Genoa could have taken better shots, they fired from outside the box on too many occasions (wouldn’t normally be an issue as Milan are weak to this, however, when they were down to 10 men, Milan sat back and defended their lead while Genoa tried to break them with a long shot as opposed to a cross. Look no further than Cristian Zapata, who only had one interception and two tackles during the match, yet cleared the ball 15 times (Genoa as a whole cleared the ball 19 times).
The referee was very poor, in fact Antonio Damato got a 3/10 rating from Gazzetta dello Sport. He did a very poor job managing the match (inconsistent yellow card application as well as an inability to control the frustration that was building the whole match and being expressed in every hard challenge and penalty appeal. At the end of the day though, Genoa were to blame for the goals they conceded, with Daniele Portanova misclearing the ball right to Pazzini – who’s limping finish was excellent, and with Ciro Immobile failing to defend Zapata at all on the corner which led to Balotelli’s one on one with Frey’s poor angle recognition and Genoa were down 2-0 to wounds they could have prevented. This is the reason Genoa lost, not because they didn’t get calls. Their chances were tame, and even if on target, were not quality chances and furthermore were not taken with the same ruthlessness that Pazzini and Balotelli showed with their opportunities.

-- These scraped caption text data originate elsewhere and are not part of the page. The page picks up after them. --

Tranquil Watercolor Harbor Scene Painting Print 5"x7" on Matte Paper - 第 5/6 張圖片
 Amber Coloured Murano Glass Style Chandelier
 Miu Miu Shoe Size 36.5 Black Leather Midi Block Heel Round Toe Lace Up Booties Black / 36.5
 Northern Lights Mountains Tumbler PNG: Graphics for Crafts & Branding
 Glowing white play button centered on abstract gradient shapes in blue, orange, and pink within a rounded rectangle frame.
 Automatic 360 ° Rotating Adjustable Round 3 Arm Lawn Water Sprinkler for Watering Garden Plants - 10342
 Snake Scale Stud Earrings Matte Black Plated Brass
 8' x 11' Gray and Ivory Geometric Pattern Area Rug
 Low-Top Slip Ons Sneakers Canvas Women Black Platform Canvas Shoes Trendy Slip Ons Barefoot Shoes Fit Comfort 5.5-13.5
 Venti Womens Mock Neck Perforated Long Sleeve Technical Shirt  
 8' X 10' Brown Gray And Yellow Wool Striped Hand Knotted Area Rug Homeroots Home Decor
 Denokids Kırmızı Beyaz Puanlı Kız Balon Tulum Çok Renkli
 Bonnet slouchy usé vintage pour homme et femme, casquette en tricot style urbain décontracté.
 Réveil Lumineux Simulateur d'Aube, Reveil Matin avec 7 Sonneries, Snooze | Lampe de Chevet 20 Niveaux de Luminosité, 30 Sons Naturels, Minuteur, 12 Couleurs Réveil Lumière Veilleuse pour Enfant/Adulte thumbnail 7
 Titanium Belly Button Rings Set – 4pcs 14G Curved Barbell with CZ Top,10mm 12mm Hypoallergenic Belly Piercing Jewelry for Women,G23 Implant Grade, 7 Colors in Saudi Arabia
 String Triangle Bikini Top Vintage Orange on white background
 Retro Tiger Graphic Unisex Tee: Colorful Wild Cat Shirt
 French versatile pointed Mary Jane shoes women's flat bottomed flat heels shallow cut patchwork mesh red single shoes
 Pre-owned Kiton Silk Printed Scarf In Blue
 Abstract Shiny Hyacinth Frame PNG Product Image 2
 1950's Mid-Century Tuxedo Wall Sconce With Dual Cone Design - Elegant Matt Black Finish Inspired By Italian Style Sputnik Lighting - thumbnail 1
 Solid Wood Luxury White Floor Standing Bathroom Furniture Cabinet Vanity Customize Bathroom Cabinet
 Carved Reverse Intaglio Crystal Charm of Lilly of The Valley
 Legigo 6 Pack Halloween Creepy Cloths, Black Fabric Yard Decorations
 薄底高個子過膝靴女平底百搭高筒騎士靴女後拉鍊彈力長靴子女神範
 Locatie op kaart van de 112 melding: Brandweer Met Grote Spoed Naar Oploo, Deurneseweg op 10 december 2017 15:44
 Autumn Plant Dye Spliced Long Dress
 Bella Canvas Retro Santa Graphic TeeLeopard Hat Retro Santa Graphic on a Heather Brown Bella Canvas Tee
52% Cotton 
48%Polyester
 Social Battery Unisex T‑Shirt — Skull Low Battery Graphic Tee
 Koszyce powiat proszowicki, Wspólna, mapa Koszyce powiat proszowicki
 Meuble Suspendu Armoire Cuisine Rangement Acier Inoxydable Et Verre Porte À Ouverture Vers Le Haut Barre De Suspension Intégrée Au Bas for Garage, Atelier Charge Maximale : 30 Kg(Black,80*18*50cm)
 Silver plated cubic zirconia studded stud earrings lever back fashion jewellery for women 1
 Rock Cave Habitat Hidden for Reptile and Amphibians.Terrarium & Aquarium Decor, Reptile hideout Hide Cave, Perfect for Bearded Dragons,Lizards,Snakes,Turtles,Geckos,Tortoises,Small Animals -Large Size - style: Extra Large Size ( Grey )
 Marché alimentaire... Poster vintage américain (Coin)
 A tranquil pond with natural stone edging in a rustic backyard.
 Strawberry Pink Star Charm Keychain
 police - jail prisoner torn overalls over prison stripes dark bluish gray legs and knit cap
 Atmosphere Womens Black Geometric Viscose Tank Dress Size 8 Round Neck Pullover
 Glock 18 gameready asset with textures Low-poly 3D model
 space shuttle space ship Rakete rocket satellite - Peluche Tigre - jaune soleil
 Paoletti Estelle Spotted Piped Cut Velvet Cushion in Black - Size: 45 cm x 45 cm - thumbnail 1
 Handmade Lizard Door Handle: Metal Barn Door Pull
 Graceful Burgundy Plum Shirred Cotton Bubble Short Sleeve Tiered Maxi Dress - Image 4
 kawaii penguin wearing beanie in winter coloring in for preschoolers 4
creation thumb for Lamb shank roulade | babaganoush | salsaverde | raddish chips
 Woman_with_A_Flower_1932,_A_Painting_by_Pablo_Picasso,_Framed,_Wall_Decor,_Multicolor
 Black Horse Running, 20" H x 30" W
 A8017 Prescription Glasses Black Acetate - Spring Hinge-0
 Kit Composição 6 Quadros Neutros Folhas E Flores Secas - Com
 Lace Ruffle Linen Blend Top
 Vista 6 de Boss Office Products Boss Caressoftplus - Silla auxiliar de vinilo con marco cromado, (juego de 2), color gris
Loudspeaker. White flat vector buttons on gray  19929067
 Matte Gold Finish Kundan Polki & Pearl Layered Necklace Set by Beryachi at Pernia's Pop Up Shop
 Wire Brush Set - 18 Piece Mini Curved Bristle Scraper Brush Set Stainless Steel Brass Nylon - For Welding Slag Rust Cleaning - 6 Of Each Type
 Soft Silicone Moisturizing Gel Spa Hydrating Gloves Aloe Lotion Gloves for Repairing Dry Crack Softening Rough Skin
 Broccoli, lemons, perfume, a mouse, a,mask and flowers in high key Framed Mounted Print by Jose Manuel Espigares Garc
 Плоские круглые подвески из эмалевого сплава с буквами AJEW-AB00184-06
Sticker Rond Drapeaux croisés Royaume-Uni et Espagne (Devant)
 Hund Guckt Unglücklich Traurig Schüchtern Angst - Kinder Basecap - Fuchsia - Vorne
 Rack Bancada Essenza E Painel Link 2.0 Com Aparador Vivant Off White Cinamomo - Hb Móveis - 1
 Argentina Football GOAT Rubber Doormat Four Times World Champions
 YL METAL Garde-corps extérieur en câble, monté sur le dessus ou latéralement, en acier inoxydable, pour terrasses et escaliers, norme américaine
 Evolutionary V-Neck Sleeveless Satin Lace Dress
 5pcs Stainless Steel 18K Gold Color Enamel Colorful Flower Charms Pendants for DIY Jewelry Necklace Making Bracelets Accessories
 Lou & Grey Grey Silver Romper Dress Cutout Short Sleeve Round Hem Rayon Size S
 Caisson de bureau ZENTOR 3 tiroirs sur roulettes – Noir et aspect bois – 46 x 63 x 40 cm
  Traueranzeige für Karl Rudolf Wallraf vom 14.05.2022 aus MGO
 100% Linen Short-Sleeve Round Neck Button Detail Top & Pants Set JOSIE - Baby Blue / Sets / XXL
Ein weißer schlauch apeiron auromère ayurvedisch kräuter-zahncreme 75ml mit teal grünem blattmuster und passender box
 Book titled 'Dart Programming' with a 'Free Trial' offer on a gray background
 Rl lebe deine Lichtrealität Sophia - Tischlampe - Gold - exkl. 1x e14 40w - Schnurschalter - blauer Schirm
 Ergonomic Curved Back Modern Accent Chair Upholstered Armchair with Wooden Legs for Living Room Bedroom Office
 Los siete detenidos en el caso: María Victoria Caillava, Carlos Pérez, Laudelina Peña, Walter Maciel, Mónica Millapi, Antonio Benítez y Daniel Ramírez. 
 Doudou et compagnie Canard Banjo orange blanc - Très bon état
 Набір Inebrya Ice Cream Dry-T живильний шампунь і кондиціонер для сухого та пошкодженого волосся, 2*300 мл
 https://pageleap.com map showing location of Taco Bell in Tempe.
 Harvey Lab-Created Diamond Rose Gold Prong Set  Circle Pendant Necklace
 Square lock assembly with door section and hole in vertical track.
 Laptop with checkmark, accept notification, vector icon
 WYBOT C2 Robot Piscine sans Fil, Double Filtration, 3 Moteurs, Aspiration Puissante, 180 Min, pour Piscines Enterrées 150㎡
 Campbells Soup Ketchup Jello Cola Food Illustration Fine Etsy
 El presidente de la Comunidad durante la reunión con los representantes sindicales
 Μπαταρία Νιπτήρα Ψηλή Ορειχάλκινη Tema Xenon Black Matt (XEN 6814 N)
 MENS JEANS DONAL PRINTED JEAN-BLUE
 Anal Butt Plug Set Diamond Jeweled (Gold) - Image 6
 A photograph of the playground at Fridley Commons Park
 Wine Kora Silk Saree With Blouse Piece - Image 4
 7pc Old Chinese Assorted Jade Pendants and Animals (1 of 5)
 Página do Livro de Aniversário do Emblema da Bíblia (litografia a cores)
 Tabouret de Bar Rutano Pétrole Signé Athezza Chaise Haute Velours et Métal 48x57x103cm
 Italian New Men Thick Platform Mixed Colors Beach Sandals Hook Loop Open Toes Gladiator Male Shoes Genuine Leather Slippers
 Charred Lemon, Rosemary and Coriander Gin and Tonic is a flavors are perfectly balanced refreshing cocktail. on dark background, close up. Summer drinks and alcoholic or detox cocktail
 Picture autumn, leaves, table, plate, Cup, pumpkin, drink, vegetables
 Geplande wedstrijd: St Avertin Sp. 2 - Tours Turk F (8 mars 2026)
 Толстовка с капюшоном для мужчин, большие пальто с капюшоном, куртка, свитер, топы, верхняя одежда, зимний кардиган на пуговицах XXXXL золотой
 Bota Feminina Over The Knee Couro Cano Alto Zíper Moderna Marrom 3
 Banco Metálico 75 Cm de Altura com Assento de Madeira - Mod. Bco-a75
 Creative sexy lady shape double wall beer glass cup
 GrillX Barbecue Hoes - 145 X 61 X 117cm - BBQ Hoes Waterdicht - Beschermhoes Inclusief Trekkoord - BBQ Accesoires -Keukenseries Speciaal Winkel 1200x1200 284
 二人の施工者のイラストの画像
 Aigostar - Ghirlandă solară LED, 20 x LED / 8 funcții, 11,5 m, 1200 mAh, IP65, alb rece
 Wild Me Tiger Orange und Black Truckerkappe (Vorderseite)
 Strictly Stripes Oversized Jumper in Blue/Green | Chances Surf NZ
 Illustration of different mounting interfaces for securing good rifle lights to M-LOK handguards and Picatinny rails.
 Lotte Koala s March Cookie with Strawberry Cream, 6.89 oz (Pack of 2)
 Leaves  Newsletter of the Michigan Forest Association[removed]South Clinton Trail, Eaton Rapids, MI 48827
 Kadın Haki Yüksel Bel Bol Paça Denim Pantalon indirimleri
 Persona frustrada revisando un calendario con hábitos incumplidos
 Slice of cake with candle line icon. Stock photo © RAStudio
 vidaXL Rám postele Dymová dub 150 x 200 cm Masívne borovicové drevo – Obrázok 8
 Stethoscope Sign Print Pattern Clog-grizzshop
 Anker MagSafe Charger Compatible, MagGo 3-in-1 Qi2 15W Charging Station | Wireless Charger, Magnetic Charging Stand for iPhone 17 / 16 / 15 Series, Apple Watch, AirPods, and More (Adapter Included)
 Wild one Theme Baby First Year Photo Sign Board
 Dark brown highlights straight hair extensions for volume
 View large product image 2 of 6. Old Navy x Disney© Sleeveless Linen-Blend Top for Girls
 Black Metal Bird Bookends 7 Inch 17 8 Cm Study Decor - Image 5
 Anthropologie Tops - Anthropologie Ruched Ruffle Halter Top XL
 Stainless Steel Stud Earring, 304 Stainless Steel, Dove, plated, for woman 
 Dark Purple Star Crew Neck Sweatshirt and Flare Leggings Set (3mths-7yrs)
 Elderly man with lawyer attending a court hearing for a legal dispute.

Milan’s least balanced approach of the season, mostly due to the defending that they had to do on the right flank forced most of their buildup play to come from the same area. Flamini, Niang, De Sciglio and Zapata were all in the same area:
Their spacing was poor, and they were unable to neutralize both wide players for Genoa, Antonelli and Vargas, although this just redirected the cross location (Toszer and Jankovic had the most crosses for Genoa, and Janokovic was introduced in the 77th minute!) to a different area of the pitch (more centrally and deeper). Genoa pinned Milan in their own half for most of the match, and after the red, this difference was exaggerated even more.
- Abbiati man of the match. Has these world-class days every now and again, and today was one of them.
- I actually prefer De Sciglio on the left flank to the right flank. He finds the space better on the left side than Constant does (and De Sciglio also doesn’t seem to have the same positioning on the right flank). His defensive works needs work still. He is mediocre defending in the air, and when he gets pushed deep and is forced to cover the far post or the last man back he’s a liability. Best hope he doesn’t have to be the one to clear the deep ball.
- Daniel Tozser was Genoa’s best player, acting as their midfield hub and amassing 105 touches of the ball. Located centrally in their formation, he was a serviceable replacement for Juraj Kucka.